------ DATA EXTRACT

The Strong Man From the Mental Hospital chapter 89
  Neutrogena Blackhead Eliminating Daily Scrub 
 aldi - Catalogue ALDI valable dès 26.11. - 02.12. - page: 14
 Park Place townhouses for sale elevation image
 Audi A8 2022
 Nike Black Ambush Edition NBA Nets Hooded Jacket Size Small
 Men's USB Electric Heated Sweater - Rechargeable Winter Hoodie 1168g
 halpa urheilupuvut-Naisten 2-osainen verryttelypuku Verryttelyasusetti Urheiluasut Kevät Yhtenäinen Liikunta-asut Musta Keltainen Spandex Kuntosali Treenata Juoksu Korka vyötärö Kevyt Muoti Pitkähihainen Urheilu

------------

Write every record out again, letter for letter.

The Strong Man From the Mental Hospital chapter 89
  Neutrogena Blackhead Eliminating Daily Scrub 
 aldi - Catalogue ALDI valable dès 26.11. - 02.12. - page: 14
 Park Place townhouses for sale elevation image
 Audi A8 2022
 Nike Black Ambush Edition NBA Nets Hooded Jacket Size Small
 Men's USB Electric Heated Sweater - Rechargeable Winter Hoodie 1168g
 halpa urheilupuvut-Naisten 2-osainen verryttelypuku Verryttelyasusetti Urheiluasut Kevät Yhtenäinen Liikunta-asut Musta Keltainen Spandex Kuntosali Treenata Juoksu Korka vyötärö Kevyt Muoti Pitkähihainen Urheilu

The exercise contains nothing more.